- **DATA FOR ANALYSIS**
******************************

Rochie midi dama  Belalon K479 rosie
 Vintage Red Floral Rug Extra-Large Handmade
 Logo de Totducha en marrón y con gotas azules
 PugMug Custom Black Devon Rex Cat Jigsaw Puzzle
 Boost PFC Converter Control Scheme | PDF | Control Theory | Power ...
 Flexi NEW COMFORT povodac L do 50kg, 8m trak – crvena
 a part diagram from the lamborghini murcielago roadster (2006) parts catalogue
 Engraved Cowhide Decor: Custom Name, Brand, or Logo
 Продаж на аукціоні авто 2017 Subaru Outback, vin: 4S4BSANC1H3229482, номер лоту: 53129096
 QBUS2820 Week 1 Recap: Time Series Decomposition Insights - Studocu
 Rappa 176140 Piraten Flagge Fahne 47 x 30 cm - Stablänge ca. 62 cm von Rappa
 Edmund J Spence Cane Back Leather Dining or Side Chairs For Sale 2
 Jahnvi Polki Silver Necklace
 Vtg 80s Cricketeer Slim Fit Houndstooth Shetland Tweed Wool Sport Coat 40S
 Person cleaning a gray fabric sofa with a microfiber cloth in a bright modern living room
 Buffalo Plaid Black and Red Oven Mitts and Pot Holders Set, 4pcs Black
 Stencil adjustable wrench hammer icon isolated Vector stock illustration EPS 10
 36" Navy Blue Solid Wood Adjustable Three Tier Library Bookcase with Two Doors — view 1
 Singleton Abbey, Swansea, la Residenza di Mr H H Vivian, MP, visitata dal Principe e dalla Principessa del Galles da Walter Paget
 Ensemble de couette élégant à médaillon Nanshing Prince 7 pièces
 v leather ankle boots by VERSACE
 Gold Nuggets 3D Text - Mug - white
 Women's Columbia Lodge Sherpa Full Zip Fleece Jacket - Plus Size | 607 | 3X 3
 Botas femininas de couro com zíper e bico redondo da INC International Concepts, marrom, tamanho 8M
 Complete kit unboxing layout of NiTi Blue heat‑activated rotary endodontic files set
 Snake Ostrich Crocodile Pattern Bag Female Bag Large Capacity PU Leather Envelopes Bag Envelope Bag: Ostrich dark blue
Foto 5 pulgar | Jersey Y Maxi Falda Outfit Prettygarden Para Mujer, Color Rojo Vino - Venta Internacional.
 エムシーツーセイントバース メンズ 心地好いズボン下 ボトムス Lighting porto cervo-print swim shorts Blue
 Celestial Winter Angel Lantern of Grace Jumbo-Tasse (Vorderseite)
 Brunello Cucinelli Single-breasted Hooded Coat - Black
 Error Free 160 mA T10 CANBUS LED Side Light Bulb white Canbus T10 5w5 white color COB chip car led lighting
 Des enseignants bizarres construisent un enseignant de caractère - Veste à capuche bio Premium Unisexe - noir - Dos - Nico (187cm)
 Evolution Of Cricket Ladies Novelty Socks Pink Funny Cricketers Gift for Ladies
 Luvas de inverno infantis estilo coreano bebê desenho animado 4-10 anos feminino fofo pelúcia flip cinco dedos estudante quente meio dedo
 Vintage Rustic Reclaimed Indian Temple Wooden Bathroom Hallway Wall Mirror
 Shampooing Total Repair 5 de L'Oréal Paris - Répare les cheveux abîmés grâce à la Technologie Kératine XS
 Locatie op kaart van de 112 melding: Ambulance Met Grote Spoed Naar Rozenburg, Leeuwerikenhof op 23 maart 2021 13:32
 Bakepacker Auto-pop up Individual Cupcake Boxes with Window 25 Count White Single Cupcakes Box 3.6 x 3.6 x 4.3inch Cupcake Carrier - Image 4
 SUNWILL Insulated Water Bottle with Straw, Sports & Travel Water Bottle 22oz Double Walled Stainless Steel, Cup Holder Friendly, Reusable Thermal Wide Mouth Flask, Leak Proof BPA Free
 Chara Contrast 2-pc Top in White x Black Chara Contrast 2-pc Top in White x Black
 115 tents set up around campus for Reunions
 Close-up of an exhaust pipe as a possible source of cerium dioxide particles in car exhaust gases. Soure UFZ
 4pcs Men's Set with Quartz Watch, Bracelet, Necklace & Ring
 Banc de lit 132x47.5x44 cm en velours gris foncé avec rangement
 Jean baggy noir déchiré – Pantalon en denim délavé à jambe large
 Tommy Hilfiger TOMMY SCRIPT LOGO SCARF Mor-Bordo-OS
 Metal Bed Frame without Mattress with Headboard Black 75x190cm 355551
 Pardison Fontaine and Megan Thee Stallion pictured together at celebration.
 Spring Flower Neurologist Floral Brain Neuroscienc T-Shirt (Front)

******************************

- **BRIEF**
Only the lines above from the one with "Flexi NEW COMFORT" through the one with "Stencil adjustable wrench" should be duplicated, character for character.

- **ANSWER TO THE PROBLEM**
 Flexi NEW COMFORT povodac L do 50kg, 8m trak – crvena
 a part diagram from the lamborghini murcielago roadster (2006) parts catalogue
 Engraved Cowhide Decor: Custom Name, Brand, or Logo
 Продаж на аукціоні авто 2017 Subaru Outback, vin: 4S4BSANC1H3229482, номер лоту: 53129096
 QBUS2820 Week 1 Recap: Time Series Decomposition Insights - Studocu
 Rappa 176140 Piraten Flagge Fahne 47 x 30 cm - Stablänge ca. 62 cm von Rappa
 Edmund J Spence Cane Back Leather Dining or Side Chairs For Sale 2
 Jahnvi Polki Silver Necklace
 Vtg 80s Cricketeer Slim Fit Houndstooth Shetland Tweed Wool Sport Coat 40S
 Person cleaning a gray fabric sofa with a microfiber cloth in a bright modern living room
 Buffalo Plaid Black and Red Oven Mitts and Pot Holders Set, 4pcs Black
 Stencil adjustable wrench hammer icon isolated Vector stock illustration EPS 10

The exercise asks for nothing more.